Captioned web image data
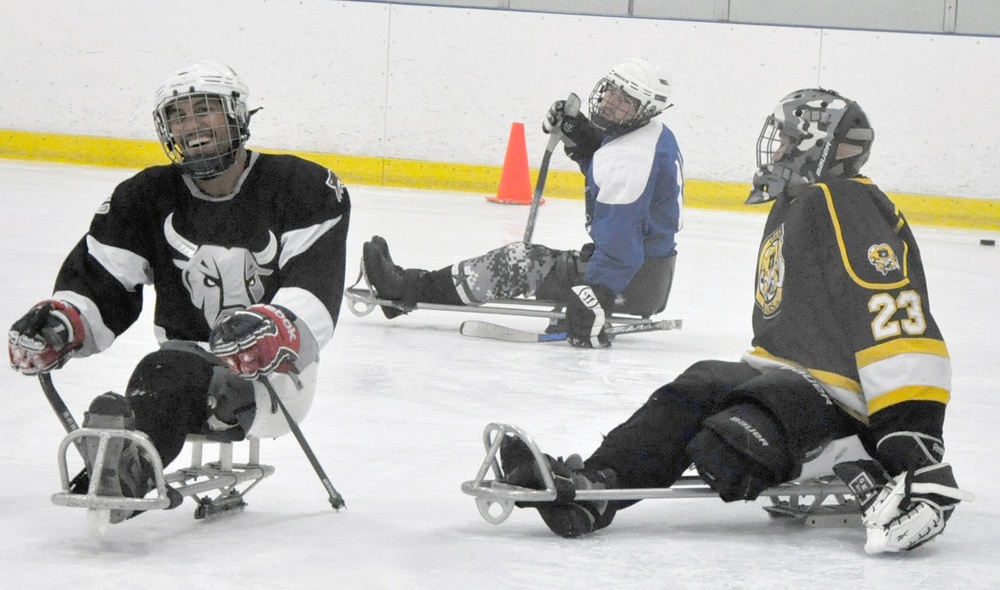 Sled Hockey Showdown: Rampage Forward Scores on Army Goaltender in Practice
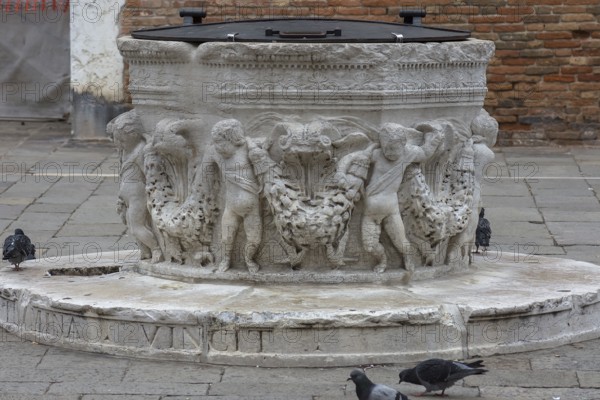 Old closed fountain in a square, Venice, Veneto, Italy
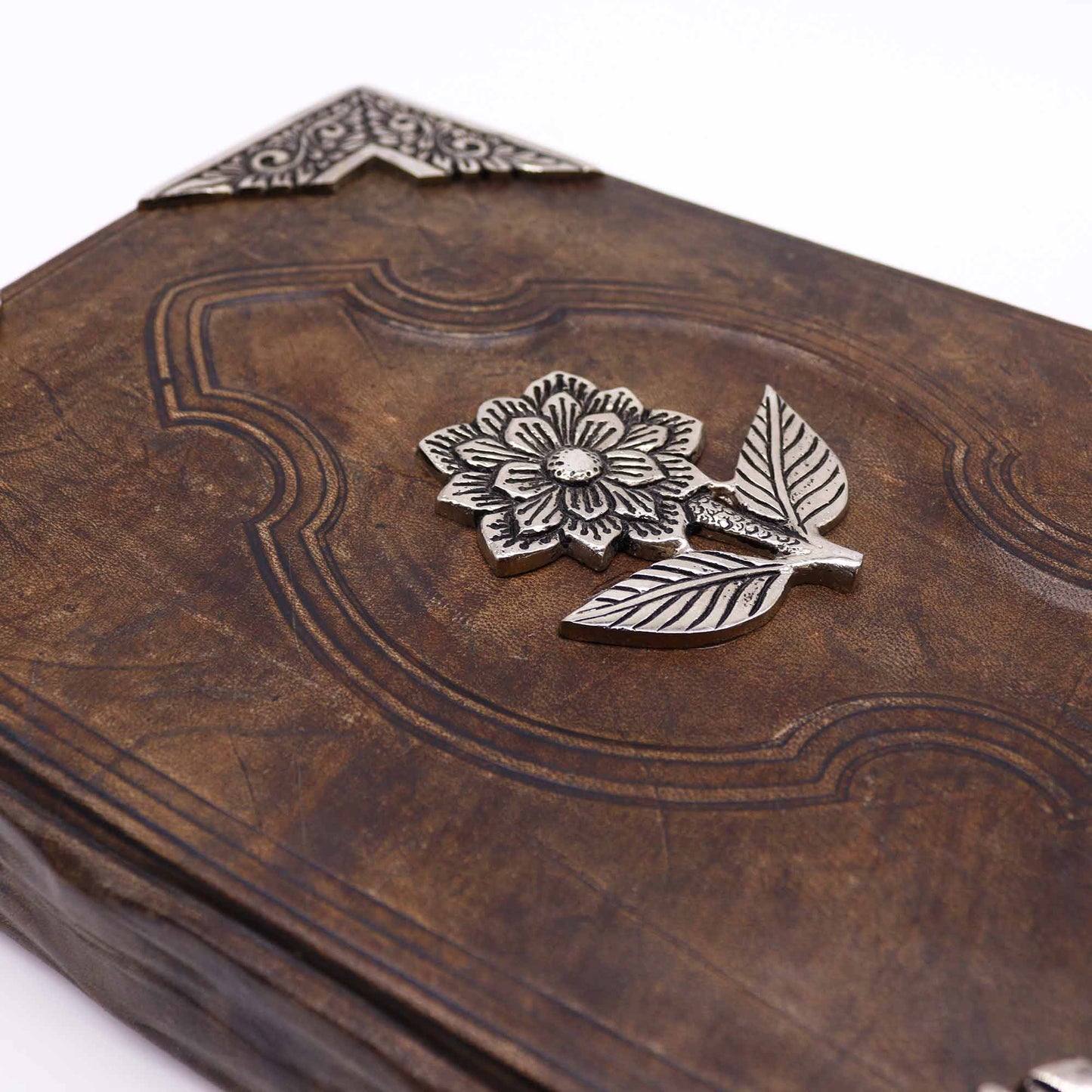 Leatherbound journal with zinc rose emblem and ornate metal corner designs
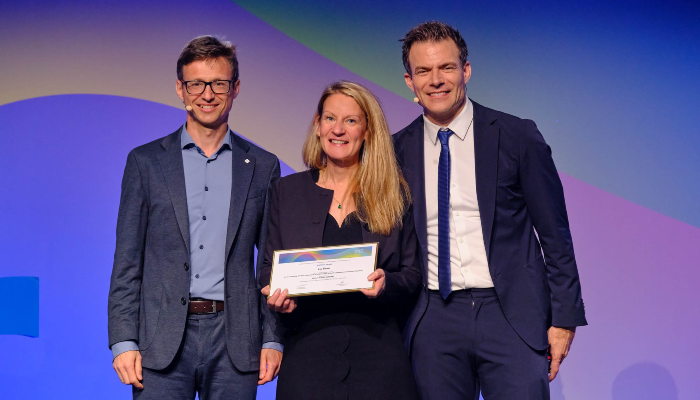 Dr Eve Smith stood on the stage at the EULAR Conference holding a certificate of her award, with those presenting the award stood on either side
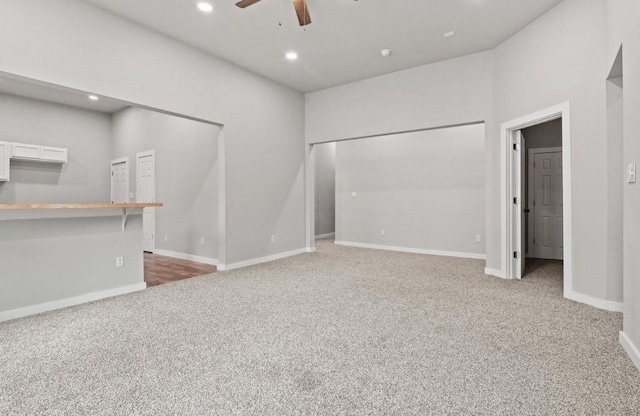 unfurnished living room with ceiling fan and carpet floors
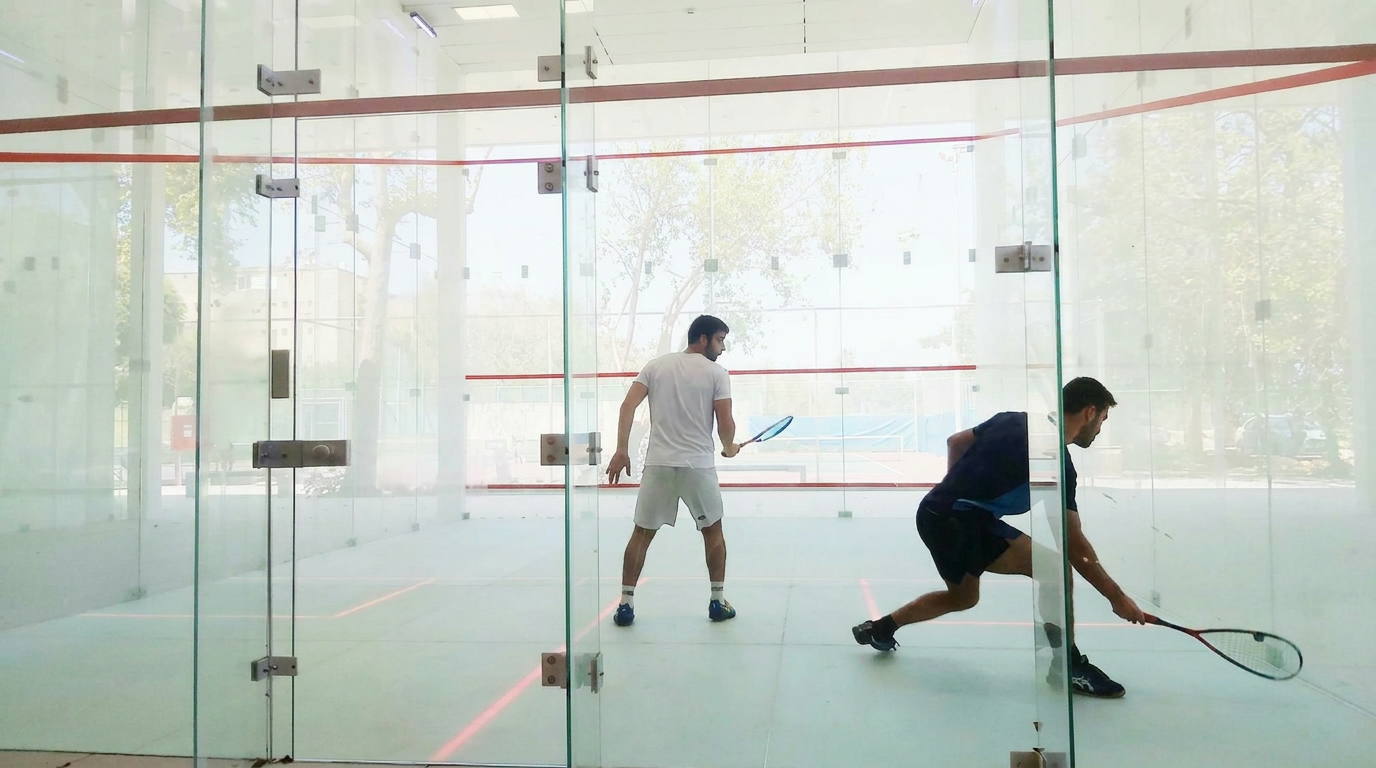 Two players mid-rally inside a Tpoint glass-walled court, surrounded by greenery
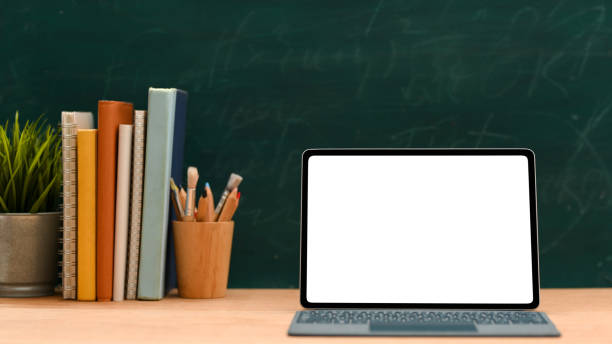 istock Education space, Laptop computer mockup against green chalkboard background. 1386985958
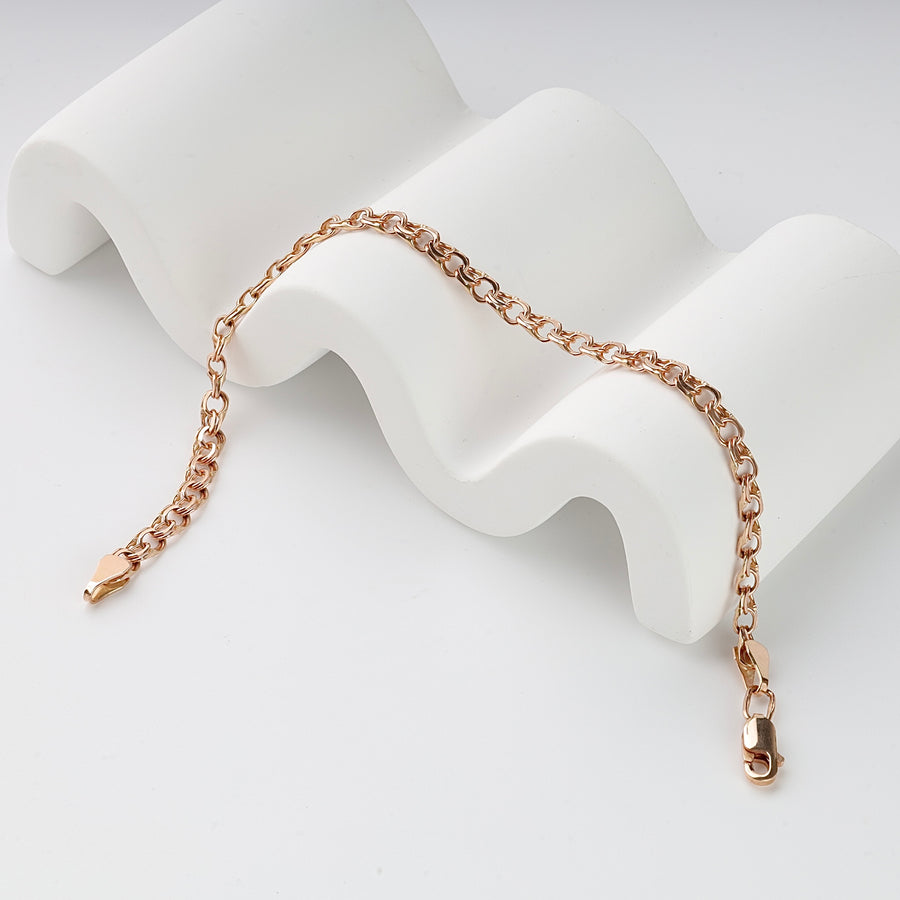 Rose gold chain bracelet with lobster clasp, displayed on a white curved stand.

Exercise = What is needed here is each line above set down word for word, minus the images.

Response box =
 Sled Hockey Showdown: Rampage Forward Scores on Army Goaltender in Practice
 Old closed fountain in a square, Venice, Veneto, Italy
 Leatherbound journal with zinc rose emblem and ornate metal corner designs
 Dr Eve Smith stood on the stage at the EULAR Conference holding a certificate of her award, with those presenting the award stood on either side
 unfurnished living room with ceiling fan and carpet floors
 Two players mid-rally inside a Tpoint glass-walled court, surrounded by greenery
 istock Education space, Laptop computer mockup against green chalkboard background. 1386985958
 Rose gold chain bracelet with lobster clasp, displayed on a white curved stand.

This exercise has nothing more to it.